In "Picture Books No Longer a Staple for Children," an article in today's New York Times, a few bookpublishers, writers, and parents observe that there's a trend to leave behind picture books for the "challenge" of chapter books. Is this a good trend? I'm not so sure.
Picture books often are more engaging and interesting than some of the chapter books that may appear more "grown up" to adults and the kids whom they are encouraging to read. I think this observation is correct:
“To some degree, picture books force an analog way of thinking,” said Karen Lotz, the publisher of Candlewick Press in Somerville, Mass. “From picture to picture, as the reader interacts with the book, their imagination is filling in the missing themes.”
Picture books involve children's and adults' imagination, enable everyone to develop storytelling skills, and enhance visual literacy. I think that developing visual literacy and understanding children's visual culture is so important that I'm teaching a graduate course on that this semester.
I do think that publishers are making a mistake of publishing many picture books in hard cover with a high price tag. The marketing format of Golden Books -- good books at low price points that are sold at the checkout counter or other easy to find places -- should be followed again today. Too often big stores, such as Target and Wal-Mart, sell primarily TV and movie tie-ins or extremely popular books. Children's book publishers should be more aggressive in promoting inexpensive, high-quality picture books in paperback to these types of stores. Scholastic does this in schools, but many pre-schools don't have the Scholastic connections. Grandparents and aunts and uncles also usually don't get the Scholastic fliers. Scholastic, of course, has its own consumeristic tendencies, but at least it always sells a few books that are priced at $5 or less.

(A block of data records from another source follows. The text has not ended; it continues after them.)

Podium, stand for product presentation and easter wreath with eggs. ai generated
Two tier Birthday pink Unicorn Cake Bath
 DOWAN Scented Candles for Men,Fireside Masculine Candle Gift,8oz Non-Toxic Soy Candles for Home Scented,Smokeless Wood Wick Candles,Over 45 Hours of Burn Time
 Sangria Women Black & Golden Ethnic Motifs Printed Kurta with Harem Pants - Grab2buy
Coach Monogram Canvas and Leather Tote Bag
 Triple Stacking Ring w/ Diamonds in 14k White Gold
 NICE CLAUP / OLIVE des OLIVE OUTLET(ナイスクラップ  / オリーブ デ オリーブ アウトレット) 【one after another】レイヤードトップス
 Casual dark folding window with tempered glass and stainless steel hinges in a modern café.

The tendency for parents to think that chapter books are better than picture books suggests, perhaps, that parents aren't reading all of the popular chapter books, either. Instead of reading another Magic Tree House book, parents, teachers, and librarians should make the effort to get elementary school kids to read engaging non-fiction picture books -- such as The Dinosaurs of Waterhouse Hawkins by Barbara Kerley and drawings by Brian Selznick, The Boy Who Invented TV: The Story of Philo Farnsworth by Kathleen Krull and illustrated by Greg Couch, or books by the incredibly imaginative Peter Sis, such as The Three Golden Keys and The Wall: Growing Up Behind the Iron Curtain. Or here's a good link from a recent School Library Journal article on "Inventions: Waiting for Eureka" that mentions several similar type books including The Day-Glo Brothers: The True Story of Bob and Joe Switzer’s Bright Ideas and Brand-New Colors by Chris Barton illustrated by Tony Persiani, which was a fun read, and Mattie: How Margaret E. Knight Became an Inventor, written and illustrated by Emily Arnold McCully.
It's curious that at the same time that there's an interest by male readers 18-34 in graphic novels and comics, the adults that are guiding the youngest readers are insisting that books that comprise mainly of text are the way to go. But readers of graphic novels and comics are clearly sensitive to price points, as yesterday's report at New York's Comic-Con on these readers has noted. It's curious that just a 20 cent change in price point causes a significant decrese in purchases: "The complaint of high prices was discussed as well, along with the statistics that the average cover price of a comic book in the second quarter of 2010 is now $3.53, up from $3.38 in 2009." Maybe the picture book publishers should take heed and publish more paper backs at more reasonable prices.
Because, like it or not, we live in a culture that's as much visual driven as word driven. Kids instinctively know that. To take away their ability to learn through picture books that combine visuals and words for chapter books seems counter-intuitive by adults.